- Born: Paul Lavern Cummings 17 August 1927 Santa Ana, California, U.S.
- Died: 23 March 2018 (aged 90) Decatur Boulevard, Las Vegas, U.S.
- Other names: Sophisticate of Song
- Occupations: Singer; Actor; Female impersonator;
- Years active: 1950 – 2018
- Parent(s): Harry Bell Cummings (father) Grace Stevens (mother)

= Lavern Cummings =

American actor and singer (1927–2018)

Paul Lavern Cummings (August 17, 1927 – March 23, 2018), better known by his stage name Lavern Cummings, was an American singer, actor, and female impersonator. Known as the "Sophisticate of Song," Cummings was a major star of the mid-20th-century drag circuit. He was particularly renowned for his "split-voice" ability, performing in a clear soprano before dropping into a rich baritone to surprise audiences. He was a headliner at the famous Finocchio's Club in San Francisco for over 25 years.

== Early life ==
Paul Lavern Cummings was born in Santa Ana, California, on August 17, 1927. His parents, Harry Bell Cummings and Grace Stevens, were strict Protestants. Cummings discovered his vocal range while singing in his high school choir, where he often was conflicted with his teachers who wanted him to sing baritone while he preferred the soprano register.

== Career ==
=== Early years and Jewel Box Revue ===
After high school, Cummings auditioned at the Club Continental, a West Hollywood venue reportedly controlled by Mickey Cohen. In 1950, he moved to Miami to join the Jewel Box Revue, a groundbreaking, racially integrated traveling troupe of female impersonators. He toured with the Revue until 1956, performing in venues across the United States, including New York, Pennsylvania, and Washington.

=== Finocchio's Club ===
In 1956, Cummings joined the cast of Finocchio's Club in San Francisco. He became one of the club's most famous and highest-paid contract performers, staying for 26 years until 1982. Unlike many contemporaries who used wigs, Cummings often styled his own hair for his performances and was noted for his high-fashion gowns and sophisticated stage presence.

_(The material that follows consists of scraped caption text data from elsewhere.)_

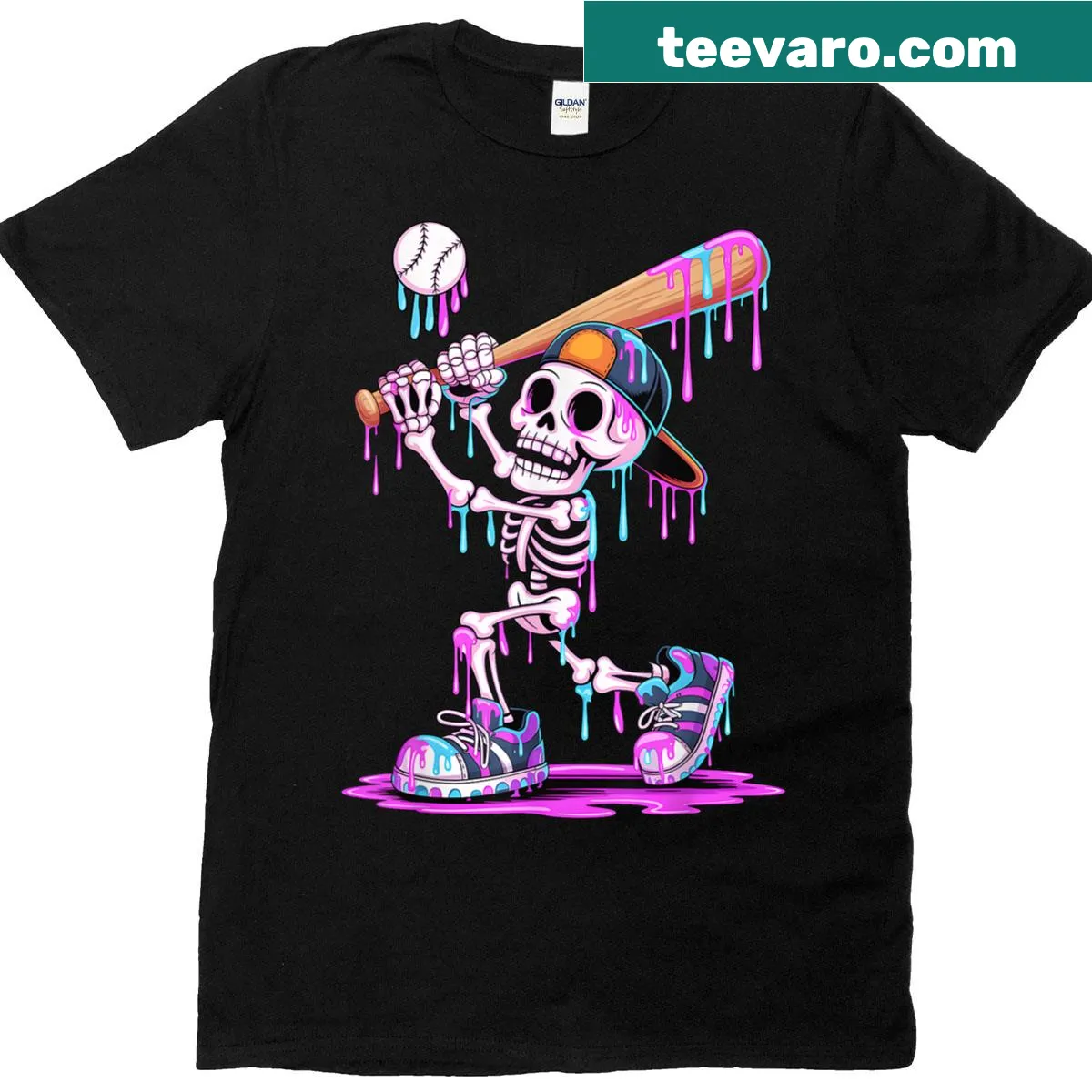 Skeleton baseball player graphic on a kids Halloween t-shirt — on a men's t-shirt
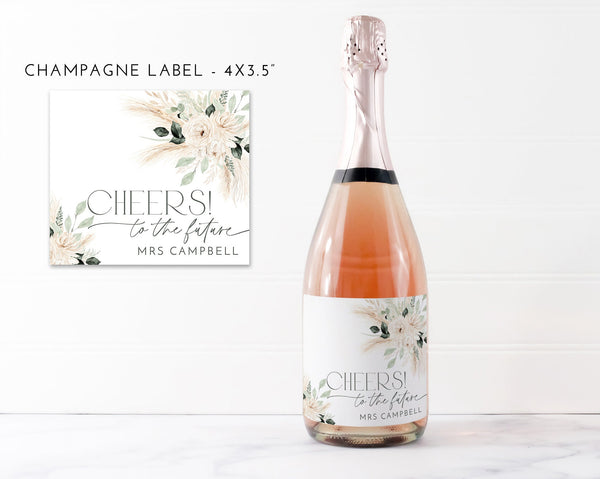 Boho Champagne Labels, Bridal Shower Wine Labels, Printable Wine Labels, Champagne Stickers, Boho Champagne Bottle Labels, Floral Greenery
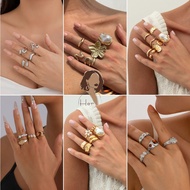 Women's Rings, Set of 3-9 Simple Plain Rings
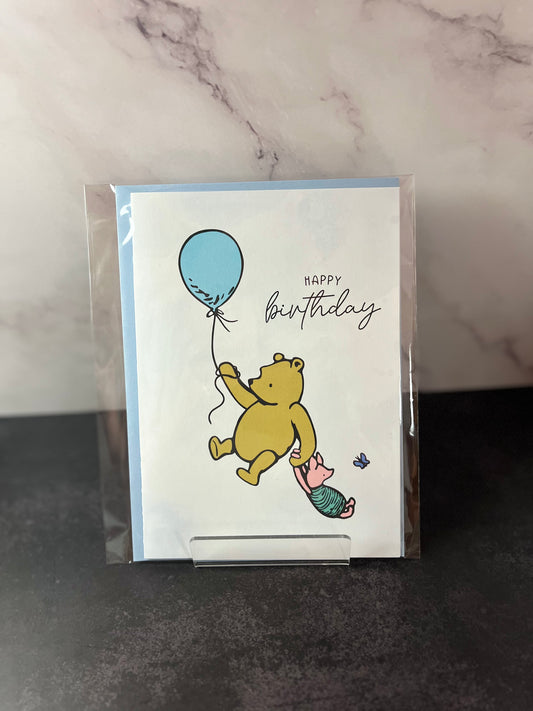 Blue Pooh and Piglet Birthday Card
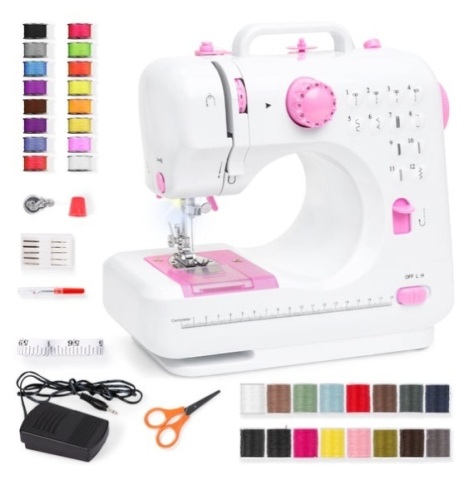 6V Portable Foot Pedal Sewing Machine w/ 12 Stitch Patterns, Pink/White - Lot 312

=== Acting and later life ===
Cummings appeared as a female impersonator in the 1979 television movie The Golden Gate Murders. After retiring from Finocchio's in 1982, he worked at The Emporium department store in San Francisco before moving to Las Vegas in 1996. In Las Vegas, he continued to work as an actor and extra in various productions.

== Personal life ==
He was raised by strict Protestant parents, Harry Bell Cummings and Grace Stevens. While his parents eventually saw photographs of him in his stage attire, they never saw him perform live.

His social and personal life was closely tied to his colleagues in the entertainment industry; he maintained deep, decades-long friendships with fellow performers such as David de Alba and Holly White. Even in his later years in Las Vegas, he remained active and ambitious, reportedly planning a small-scale stage comeback shortly before his death at age 90.

== Death ==
Cummings died on March 23, 2018, at the age of 90, after being struck by a vehicle in a crosswalk in Charleston Boulevard near Decatur Boulevard in Las Vegas.

== Filmography ==
=== Television ===

| Year | Title | Role | Notes |
|---|---|---|---|
| 1979 | The Golden Gate Murders | Lavern Smith | TV movie |

== Legacy ==
His personal archive, the Paul Lavern Cummings Papers, is held at the UNLV University Libraries. The collection includes over nine boxes of photographs, sheet music, and correspondence documenting the history of female impersonation in America.